---------- PROVIDED MATERIAL ----------

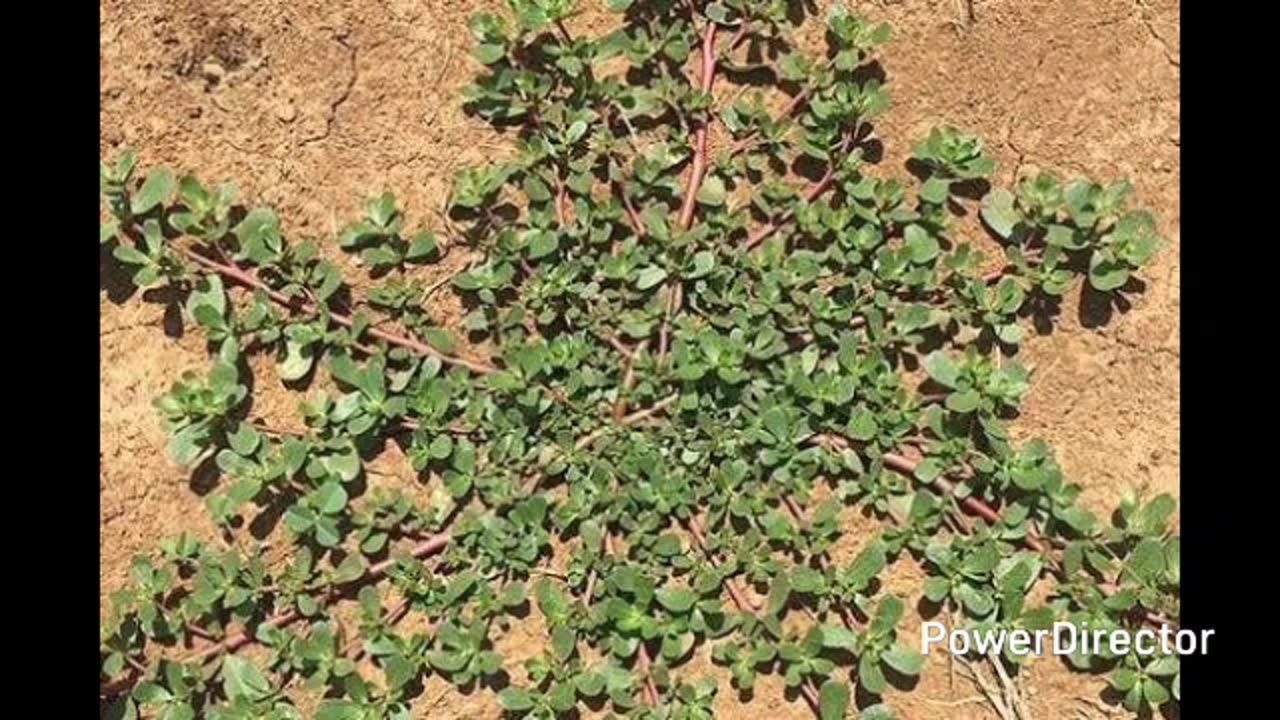 purslane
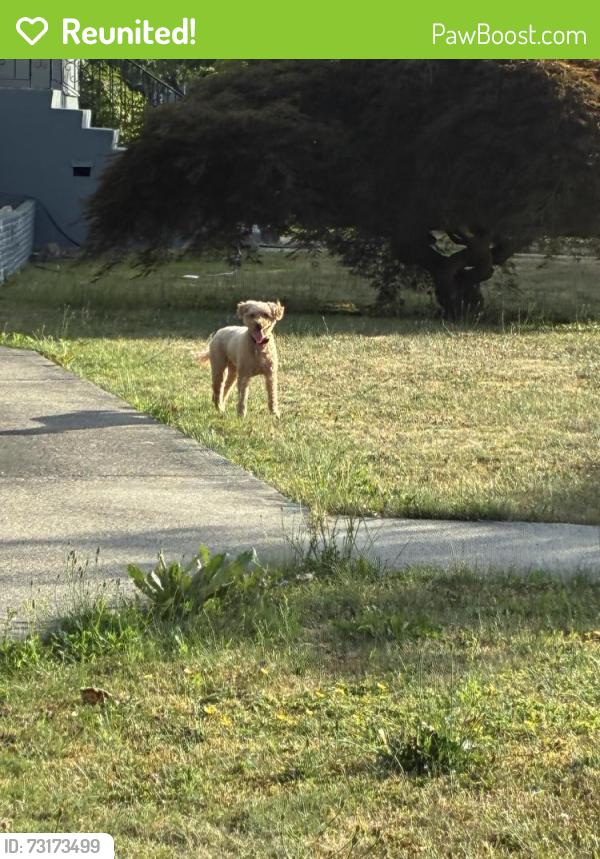 Reunited Unknown Dog last seen Willingdon, Burnaby, BC V5C 3R1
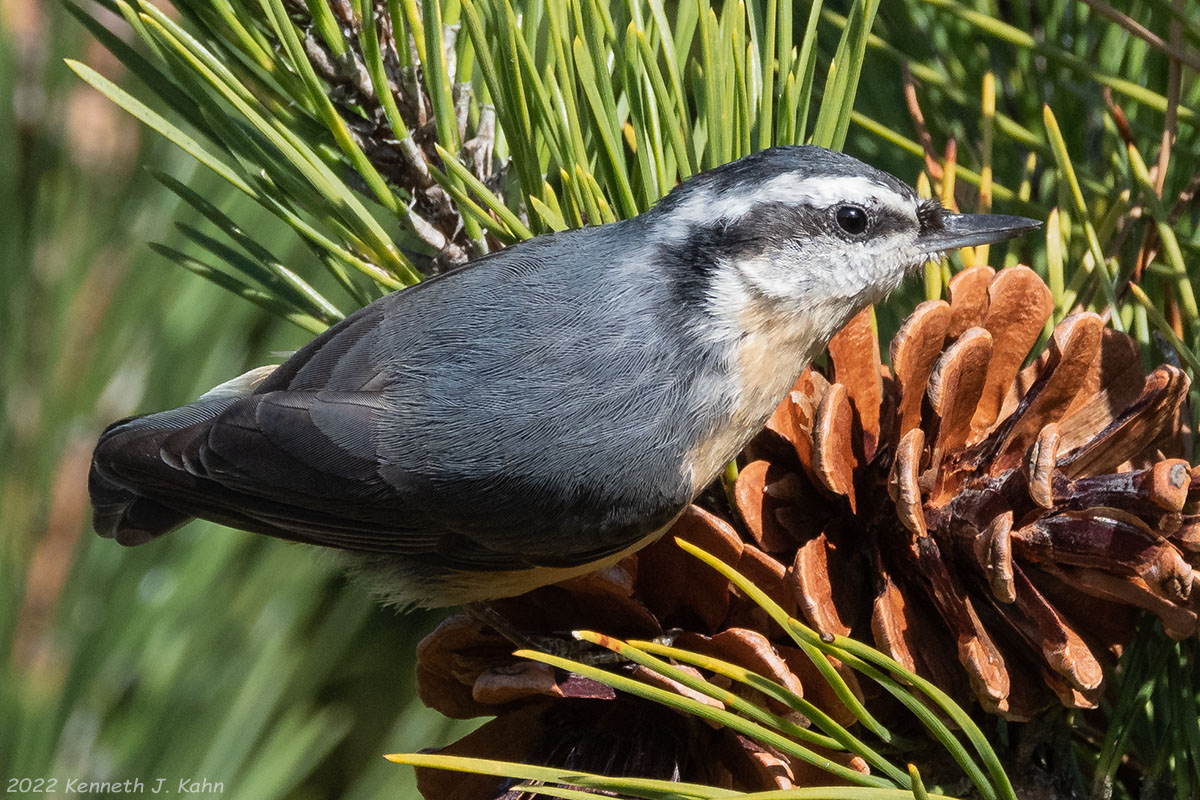 rb_nuthatch-13.jpg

----------

» **WHAT TO PRODUCE**:
The required output consists only of the lines from the one containing "Reunited Unknown Dog" to the last line of the material, reproduced exactly, pictures excluded.

» **ANSWER SECTION**:
 Reunited Unknown Dog last seen Willingdon, Burnaby, BC V5C 3R1
 rb_nuthatch-13.jpg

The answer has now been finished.